She’s hurt and I can’t blame her. I would tell him off, embarrass him at work, punch him, and storm out. She didn’t do that. She left. I think what she realized at that moment was that she was in love.
I think it also took that for him to realize that he was too.

Christmas Eve comes around and he’s at his parents, talking to his Mom. There is nothing like a Mom to give you the truth – bluntly. When he tells her stuff has gone wrong with Nell, she isn’t afraid to tell him that he needs to rethink his actions. When he remembers the Christmas card in his bag and sees the card she sent, he knows what he needs to do.
After all she’d rather be alone together with him than anyone.
ADMIT THOSE FEELINGS
He left his parents and went to the restaurant that he knew she was going to. He’s making apologies and she’s trying to explain to him that she’s OK. He gets that she is, but he admits that he is not. Cooper doesn’t like knowing he’s hurt her. He gives her a gift – the gift being knowing she’s always meant something to him. In the box is the first fortune he got when they are Chinese food together. And in the other fortune cookie is the one for her. She had gotten a blank fortune, and he filled it in. The love that you sink is closer than you think – well sir, that’s suave.

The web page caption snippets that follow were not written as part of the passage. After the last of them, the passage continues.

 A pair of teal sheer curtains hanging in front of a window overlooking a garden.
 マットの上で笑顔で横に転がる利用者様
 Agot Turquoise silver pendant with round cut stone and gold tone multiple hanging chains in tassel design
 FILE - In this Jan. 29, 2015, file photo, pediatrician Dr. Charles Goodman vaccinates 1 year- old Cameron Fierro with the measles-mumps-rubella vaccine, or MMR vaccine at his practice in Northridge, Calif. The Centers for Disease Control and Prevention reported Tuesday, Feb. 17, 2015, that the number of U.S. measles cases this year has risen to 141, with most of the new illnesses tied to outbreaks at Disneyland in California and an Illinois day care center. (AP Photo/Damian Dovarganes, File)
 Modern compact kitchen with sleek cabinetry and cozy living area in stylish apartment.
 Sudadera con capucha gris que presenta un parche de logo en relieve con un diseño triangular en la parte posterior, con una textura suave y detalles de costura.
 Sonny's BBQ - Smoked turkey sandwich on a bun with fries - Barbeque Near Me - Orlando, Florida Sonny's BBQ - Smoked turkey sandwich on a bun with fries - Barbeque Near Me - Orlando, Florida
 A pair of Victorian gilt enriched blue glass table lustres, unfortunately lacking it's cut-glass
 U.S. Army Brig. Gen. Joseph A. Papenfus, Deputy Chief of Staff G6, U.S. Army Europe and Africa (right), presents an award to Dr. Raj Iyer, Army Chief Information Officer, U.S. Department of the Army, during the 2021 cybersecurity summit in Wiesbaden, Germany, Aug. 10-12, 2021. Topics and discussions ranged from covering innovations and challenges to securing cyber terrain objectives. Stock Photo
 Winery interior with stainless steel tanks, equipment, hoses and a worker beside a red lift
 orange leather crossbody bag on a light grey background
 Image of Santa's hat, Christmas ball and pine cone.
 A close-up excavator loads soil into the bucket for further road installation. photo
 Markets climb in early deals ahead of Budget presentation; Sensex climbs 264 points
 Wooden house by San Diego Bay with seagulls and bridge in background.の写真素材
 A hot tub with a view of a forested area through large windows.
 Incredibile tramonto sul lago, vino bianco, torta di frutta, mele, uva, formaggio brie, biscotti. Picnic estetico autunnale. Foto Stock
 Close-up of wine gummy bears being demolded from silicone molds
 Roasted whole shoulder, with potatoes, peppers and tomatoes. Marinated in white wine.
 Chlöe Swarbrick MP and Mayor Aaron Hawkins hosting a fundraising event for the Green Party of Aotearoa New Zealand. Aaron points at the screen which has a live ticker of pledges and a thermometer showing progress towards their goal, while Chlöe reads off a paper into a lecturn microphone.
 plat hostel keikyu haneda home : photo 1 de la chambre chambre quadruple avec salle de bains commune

These two realizing that they love each other is something I had been waiting for since act one.
Now, I may still be alone on Christmas and I may not go out and show that I’m alone. Maybe I am not that comfortable with it. But maybe, just maybe, this season of Countdown to Christmas is showing me that I need to move forward and realize it’s also OK to enjoy the holidays – alone or with someone. Well played Hallmark.